=== Source material ===
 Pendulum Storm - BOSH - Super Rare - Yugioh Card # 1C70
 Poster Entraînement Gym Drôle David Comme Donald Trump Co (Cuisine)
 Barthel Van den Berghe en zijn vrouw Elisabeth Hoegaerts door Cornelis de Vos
===
=== Source material ===
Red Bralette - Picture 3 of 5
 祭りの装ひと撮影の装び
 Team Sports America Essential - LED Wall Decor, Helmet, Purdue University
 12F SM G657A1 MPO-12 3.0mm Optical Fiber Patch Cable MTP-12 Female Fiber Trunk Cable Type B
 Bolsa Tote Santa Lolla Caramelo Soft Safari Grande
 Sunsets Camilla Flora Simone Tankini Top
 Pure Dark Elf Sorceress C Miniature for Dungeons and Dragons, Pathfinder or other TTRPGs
===
=== Source material ===
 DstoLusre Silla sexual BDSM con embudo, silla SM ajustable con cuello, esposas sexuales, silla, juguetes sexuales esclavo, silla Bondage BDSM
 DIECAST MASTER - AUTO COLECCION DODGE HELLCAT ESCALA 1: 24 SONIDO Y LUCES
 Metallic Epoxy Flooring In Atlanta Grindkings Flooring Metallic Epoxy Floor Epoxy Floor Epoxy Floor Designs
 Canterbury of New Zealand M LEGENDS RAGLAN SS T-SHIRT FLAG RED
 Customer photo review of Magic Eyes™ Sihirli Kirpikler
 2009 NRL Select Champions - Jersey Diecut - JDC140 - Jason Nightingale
===
* Aim of the exercise: Out of the data above, give again only the lines starting at the one holding "Red Bralette - Picture 3 of 5" and ending at the one holding "Sunsets Camilla Flora Simone Tankini Top", unchanged.

* Expected answer:
Red Bralette - Picture 3 of 5
 祭りの装ひと撮影の装び
 Team Sports America Essential - LED Wall Decor, Helmet, Purdue University
 12F SM G657A1 MPO-12 3.0mm Optical Fiber Patch Cable MTP-12 Female Fiber Trunk Cable Type B
 Bolsa Tote Santa Lolla Caramelo Soft Safari Grande
 Sunsets Camilla Flora Simone Tankini Top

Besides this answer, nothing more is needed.